The ballet uses seven songs from English musician James Blake's album The Colour in Anything, which uses electronic keyboard and syncopated percussion. Forsythe had previously used popular music in Love Songs (1979) and Say Bye Bye (1980). Blake Works I is also Forsythe's first "ballet ballet" in over fifteen years. According to a New York Times profile of Forsythe, he made use of the Paris Opera Ballet's technical heritage, while the use of arms and feet stems from the French ballet style. The ballet is performed by 21 dancers. Twenty of them are in blue practice clothes that resemble the Paris Opera Ballet School's uniform, and the 21st dancer, a man, is in dark jeans and a T-shirt.

==Original cast==
The principal dancers and soloists at the premiere include:

- François Alu
- Léonore Baulac
- Marion Gautier de Charnacé
- Pablo Legasa
- Germain Louvet
- Hugo Marchand
- Caroline Osmont
- Ludmila Pagliero
- Roxane Stojanov

==Performances==
Blake Works I premiered on 4 July 2016, at Palais Garnier, as part of a Paris Opera Ballet triple bill that also consisted of two other Forsythe works. However, by the time it premiered, both Forsythe and company director Benjamin Millepied were about to leave the Paris Opera Ballet.

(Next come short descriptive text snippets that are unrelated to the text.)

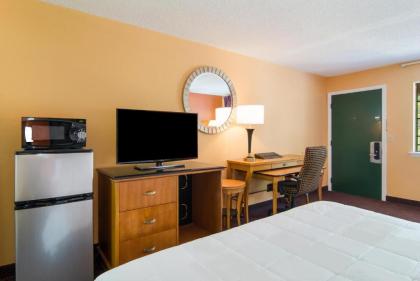 Americas Best Value Inn Darien - image 15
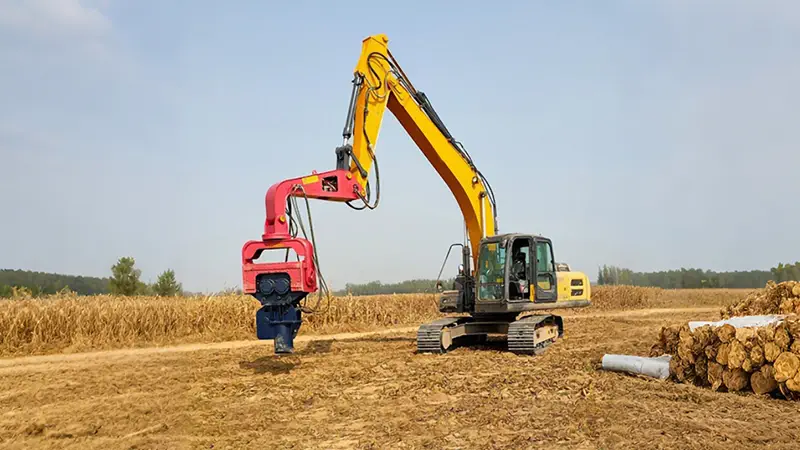 Vibratory pile driver mounted on an excavator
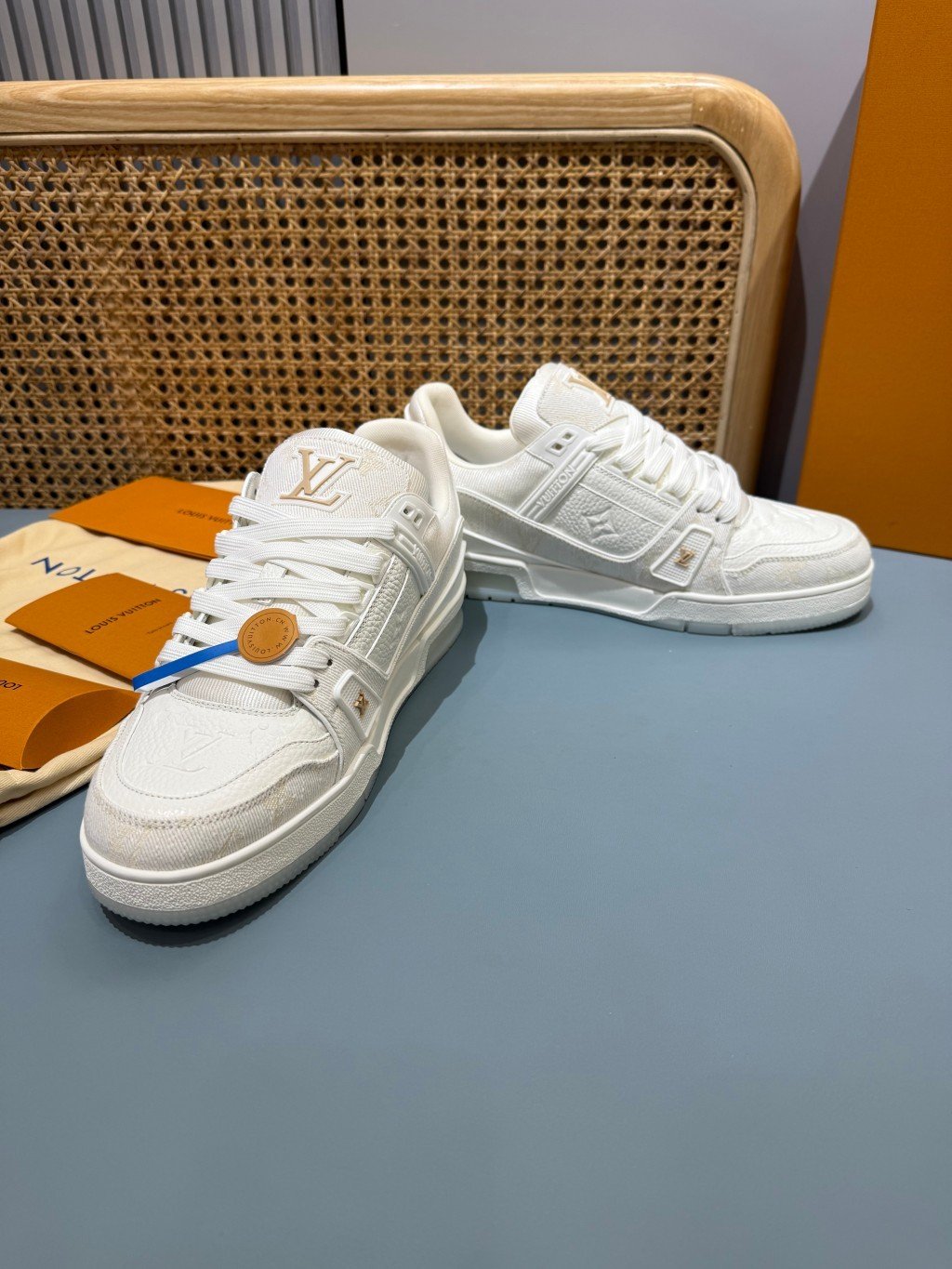 Sneakers Trainer Denim 'Blanc Nacré Monogram' — vue 34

The Boston Ballet, which had a five-year partnership with Forsythe, had the North American premiere of Blake Works I in March 2019. Other ballet companies that have performed the ballet include Stuttgart Ballet, San Francisco Ballet, English National Ballet, Dutch National Ballet, the Ballet of Teatro alla Scala in Milan, Ballet West in Salt Lake City. and Bayerisches Staatsballett in Munich.

==Critical reception==
Laura Cappelle of the Financial Times commented, "Its modernity doesn't lie in extreme displays, but in the complexity, speed and changing directions of the choreography. Forsythe's vast classical vocabulary puts to shame many ballet choreographers working today: playful references to ballet history abound, alongside rare combinations that speak specifically to the French dancers' articulation and eloquent footwork." Roslyn Sulcas of New York Times wrote that Blake Works I is "a celebration of the youth, spirits, talent and collective knowledge of a new generation of Paris Opera dancers, who have never, in my experience of the company, looked better than they did throughout Monday's performance." She concluded in her review, "It's a love letter to these dancers and to the art of ballet itself."